Every line below must come back exactly as it stands, with the images omitted.

Exercise data
----------

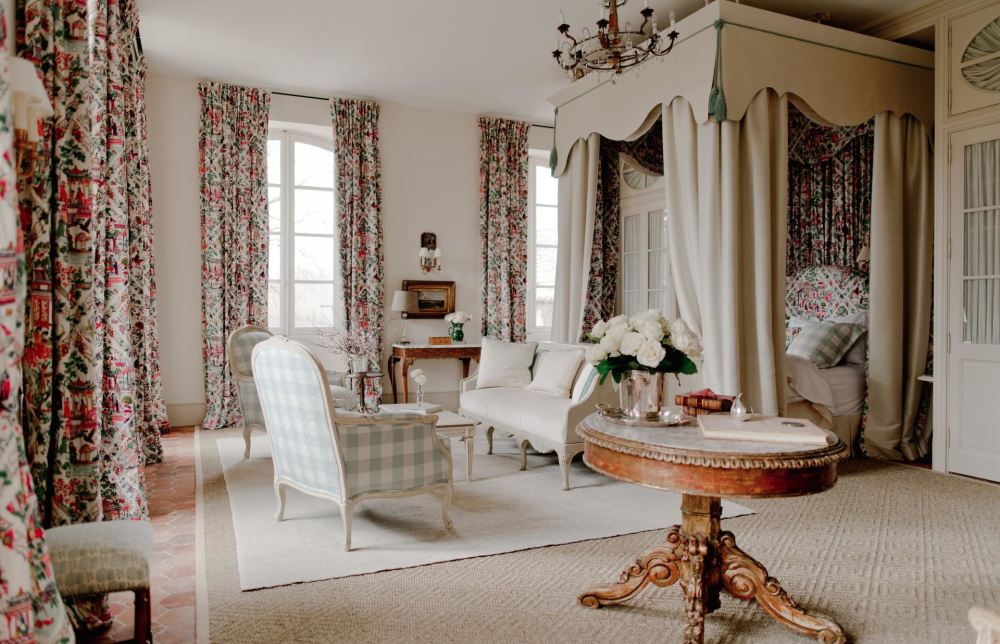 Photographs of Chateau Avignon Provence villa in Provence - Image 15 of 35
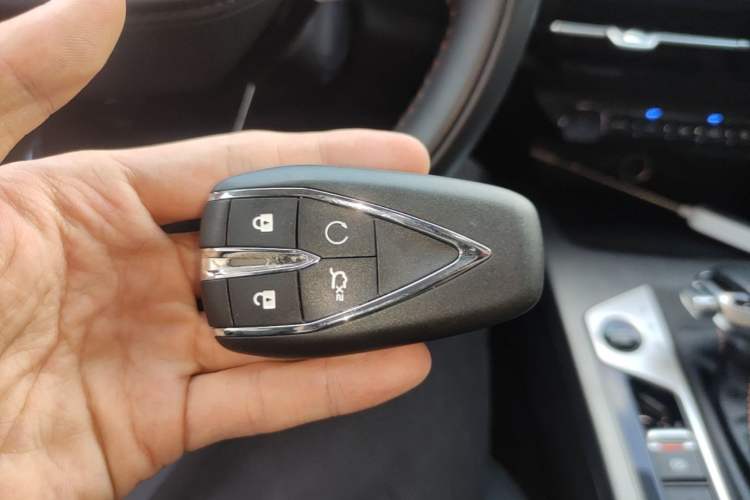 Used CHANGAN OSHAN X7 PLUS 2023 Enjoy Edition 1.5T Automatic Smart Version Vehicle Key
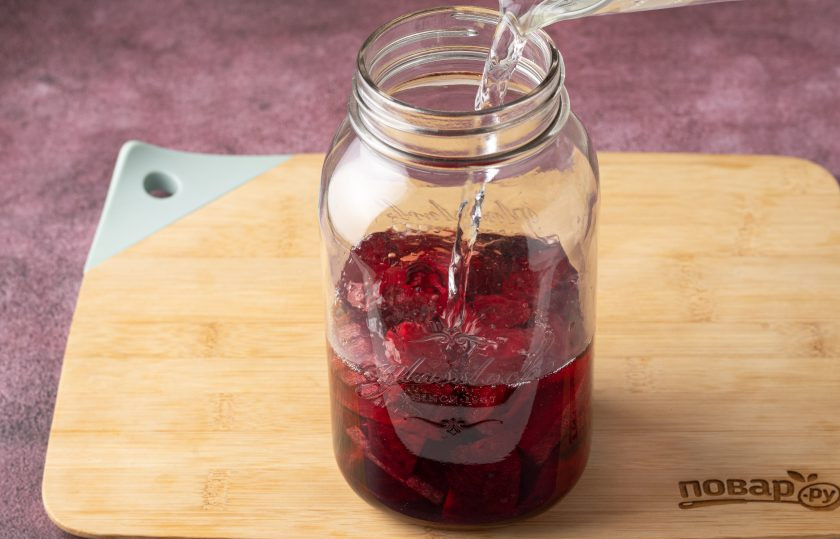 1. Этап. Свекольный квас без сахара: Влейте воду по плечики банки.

----------

Task output
 Photographs of Chateau Avignon Provence villa in Provence - Image 15 of 35
 Used CHANGAN OSHAN X7 PLUS 2023 Enjoy Edition 1.5T Automatic Smart Version Vehicle Key
 1. Этап. Свекольный квас без сахара: Влейте воду по плечики банки.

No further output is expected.